SQL Server 2012 introduces the LEAD function, which I’ve previously blogged about here. In that blog post, I covered how to do Gap Detection using the LEAD function. Now, it’s time to put it to the performance test.

The Test

For this test, I want a large table, with at least a million rows. Obviously, gaps are needed. We need to start the table off with a gap. There needs to be gaps throughout the table. Some as small as one row, and others need to encompass many rows. Each method to test needs to identify the starting point and ending point of a gap.

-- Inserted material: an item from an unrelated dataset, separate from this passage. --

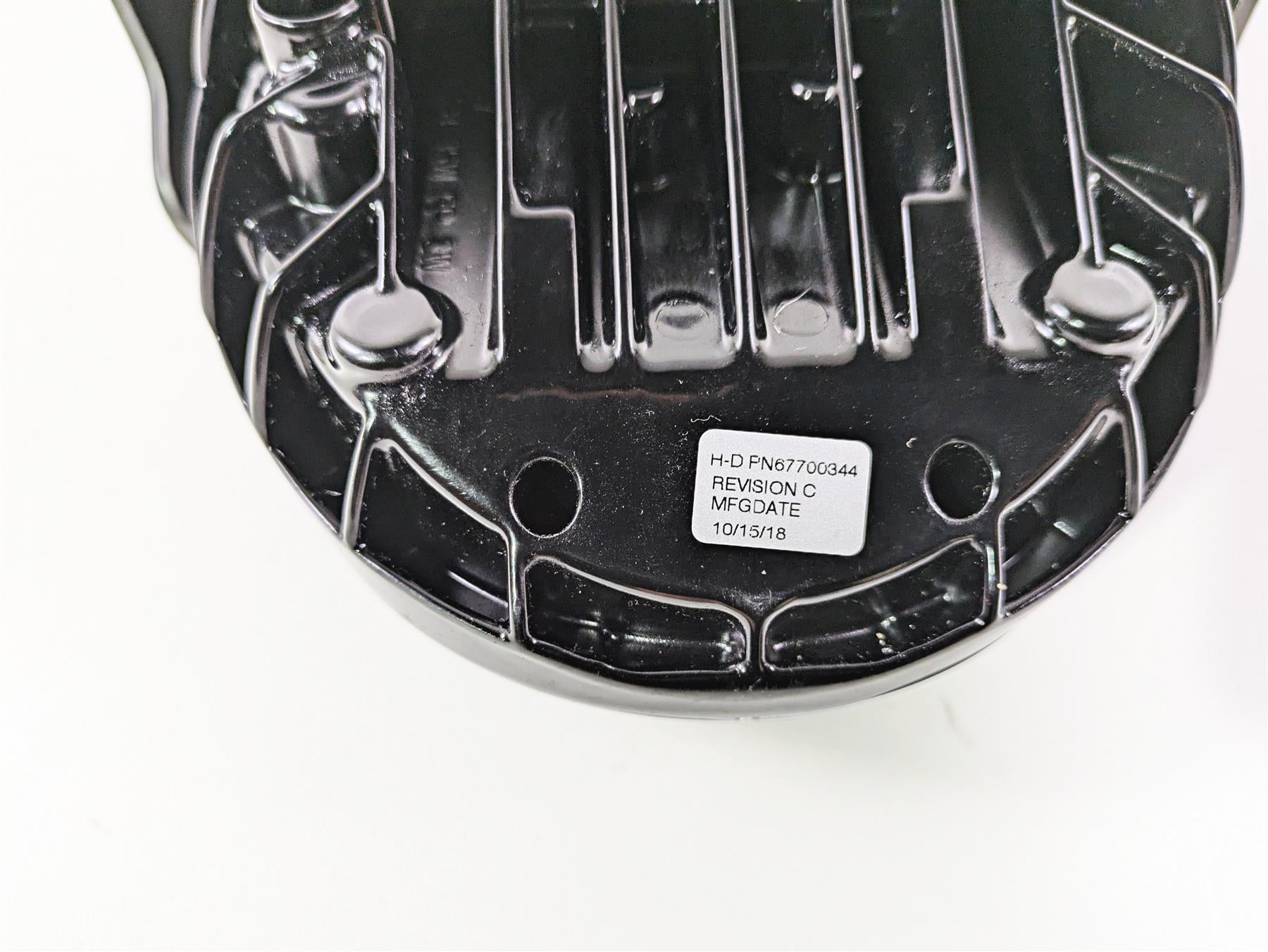 2019 Harley Softail FXDR 114 Front Led Headlight Mount Visor 67700344 57000917 {{ shop.shopifyCountryName }} - Mototech271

The table was created with the following code:

IF OBJECT_ID('dbo.GapTest','U') IS NOT NULL DROP TABLE dbo.GapTest;
CREATE TABLE dbo.GapTest (N BIGINT CONSTRAINT PK__GapTest PRIMARY KEY CLUSTERED);
-- start with a number to make a large gap at the start of the table
INSERT INTO dbo.GapTest (N) VALUES (11000000);  
 
-- insert rows to make 2 million
WITH
TENS      (N) AS (SELECT 0 UNION ALL SELECT 0 UNION ALL SELECT 0 UNION ALL SELECT 0 UNION ALL SELECT 0 UNION ALL
                  SELECT 0 UNION ALL SELECT 0 UNION ALL SELECT 0 UNION ALL SELECT 0 UNION ALL SELECT 0),
THOUSANDS (N) AS (SELECT 1 FROM TENS t1 CROSS JOIN TENS t2 CROSS JOIN TENS t3),
MILLIONS  (N) AS (SELECT 1 FROM THOUSANDS t1 CROSS JOIN THOUSANDS t2),
TenMillion(N) AS (SELECT 1 FROM MILLIONS CROSS JOIN TENS),
TALLY     (N) AS (SELECT ROW_NUMBER() OVER (ORDER BY (SELECT 0)) FROM TenMillion)
INSERT INTO dbo.GapTest (N)
SELECT TOP (1999999) (82011000000000) + N
  FROM TALLY;
 
-- delete some records to make gaps
DELETE dbo.GapTest
 WHERE (N BETWEEN 82011000402000 AND 82011000500000
        AND N % 2000 = 0)  -- delete one row every 2000 rows
    OR (N BETWEEN 82011000600001 AND 82011000700000); -- delete this larger gap of 100,000 rows

This code starts off with a starting gap of eleven million. Next, more records are added to this to bring the table up to two million rows. Finally, many records are deleted, giving many gaps of one row, and an additional large gap of 100,000 rows.

The Contenders

The first method to test is the LEAD function. The code for doing this is very simple, and hopefully, extremely efficient and fast:

WITH cte AS
(
SELECT curr = N,
       nxt  = LEAD(N, 1) OVER (ORDER BY N)
  FROM dbo.GapTest
)
SELECT [Start Of Gap] = curr+1,
       [End Of Gap] = nxt-1
  FROM cte
 WHERE nxt-curr > 1;
GO

The second contender is the method that Itzik Ben-Gan published in SQL Server MVP Deep Dives:

SELECT StartRange = N+1,
       EndRange = (SELECT min(lt2.N)
                     FROM dbo.GapTest lt2
                    WHERE lt2.N > lt1.N) - 1
  FROM dbo.GapTest lt1
 WHERE NOT EXISTS
       (SELECT N
          FROM dbo.GapTest lt3
         WHERE N = lt1.N+1)
   AND N < (SELECT max(N) FROM dbo.GapTest lt4);

The third contender is the method that I learned from Jeff Moden on SQLServerCentral.com:

SELECT GapStart = ISNULL((SELECT MAX(lo.N+1)
                      FROM dbo.GapTest lo
                     WHERE lo.N < hi.N),1),
        GapEnd = hi.N - 1
   FROM dbo.GapTest hi
  WHERE hi.N NOT IN (SELECT N + 1 FROM dbo.GapTest)
    AND hi.N > (SELECT MIN(N) FROM dbo.GapTest);

Looking at the code from Jeff and Itzik, you can see that they are very similar, though they do have their differences. Notably, they each have three sub-queries against the table, so it looks like the Reads will be higher than what the LEAD function will have. So, let the battle of the performance gurus vs. SQL Server 2012 begin!

Running the Test

Each of the contenders code is put into a stored procedure, and modified to dump the results to a temporary table instead of returning the output to the screen. The following code is used to generate IO and Time statistics, and to run each method ten times:

SET STATISTICS IO,TIME ON;
GO
EXECUTE dbo.GapTest_LEAD;
EXECUTE dbo.GapTest_Itzik;
EXECUTE dbo.GapTest_Jeff;
GO 10
SET STATISTICS IO,TIME OFF;
GO

The Results

The statistics returned were made into a table and copied into Excel where a line chart was made showing how well each performed. (Units are milli-seconds.)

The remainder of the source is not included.